• **Aim of the task**: Will you write out, word for word, every line from the one with "Figura 1 – Parasitismo" to the final line of the data below, with the pictures left out?

• **Entries taken from a collection**:
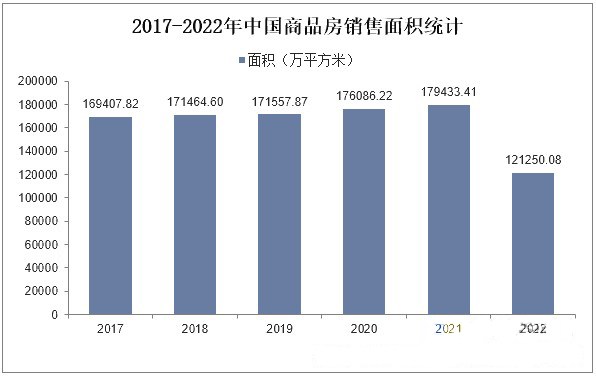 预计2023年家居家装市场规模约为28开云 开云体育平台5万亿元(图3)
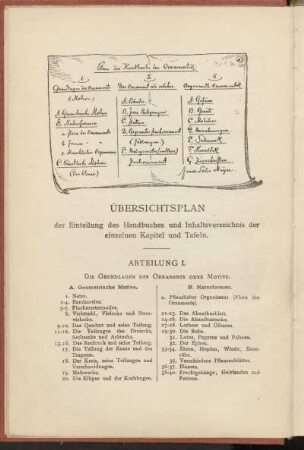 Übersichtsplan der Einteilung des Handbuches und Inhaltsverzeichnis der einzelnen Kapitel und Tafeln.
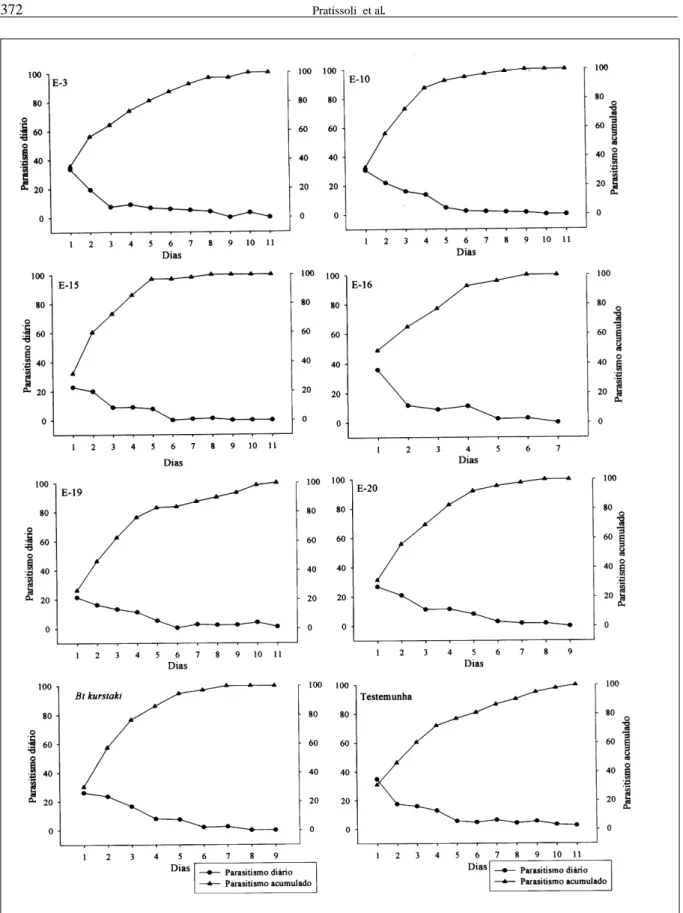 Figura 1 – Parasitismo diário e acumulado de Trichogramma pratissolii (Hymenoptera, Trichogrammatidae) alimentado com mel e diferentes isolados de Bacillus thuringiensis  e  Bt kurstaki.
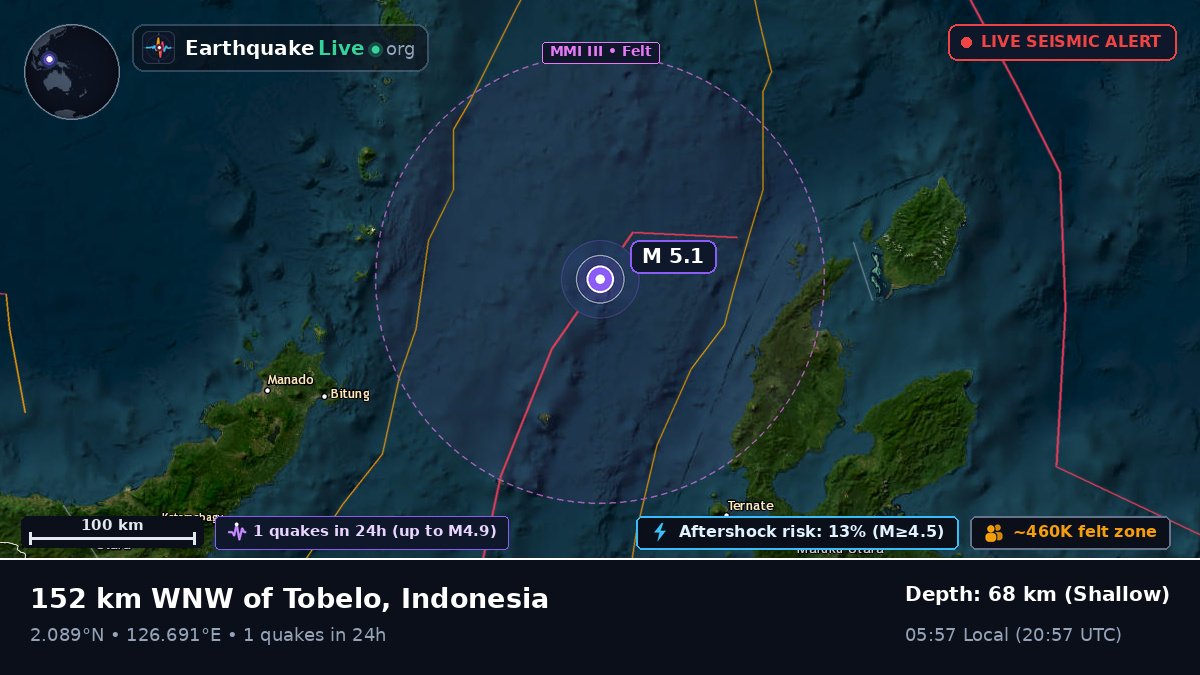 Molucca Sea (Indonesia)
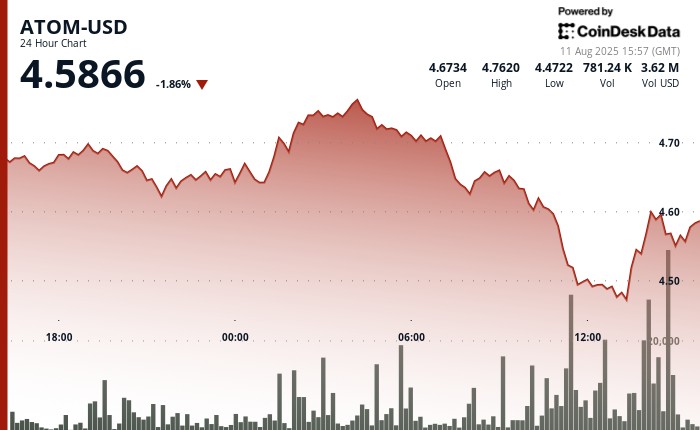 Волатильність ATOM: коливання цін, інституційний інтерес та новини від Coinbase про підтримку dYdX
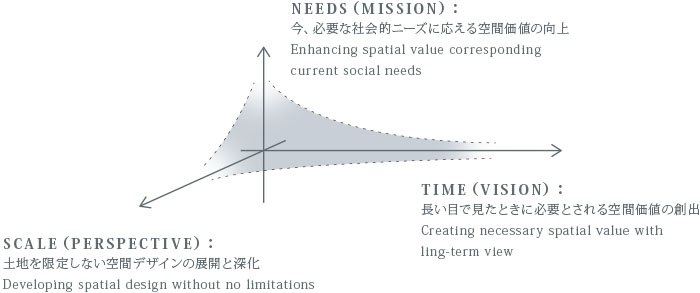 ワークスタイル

• **Result below**:
 Figura 1 – Parasitismo diário e acumulado de Trichogramma pratissolii (Hymenoptera, Trichogrammatidae) alimentado com mel e diferentes isolados de Bacillus thuringiensis  e  Bt kurstaki.
 Molucca Sea (Indonesia)
 Волатильність ATOM: коливання цін, інституційний інтерес та новини від Coinbase про підтримку dYdX
 ワークスタイル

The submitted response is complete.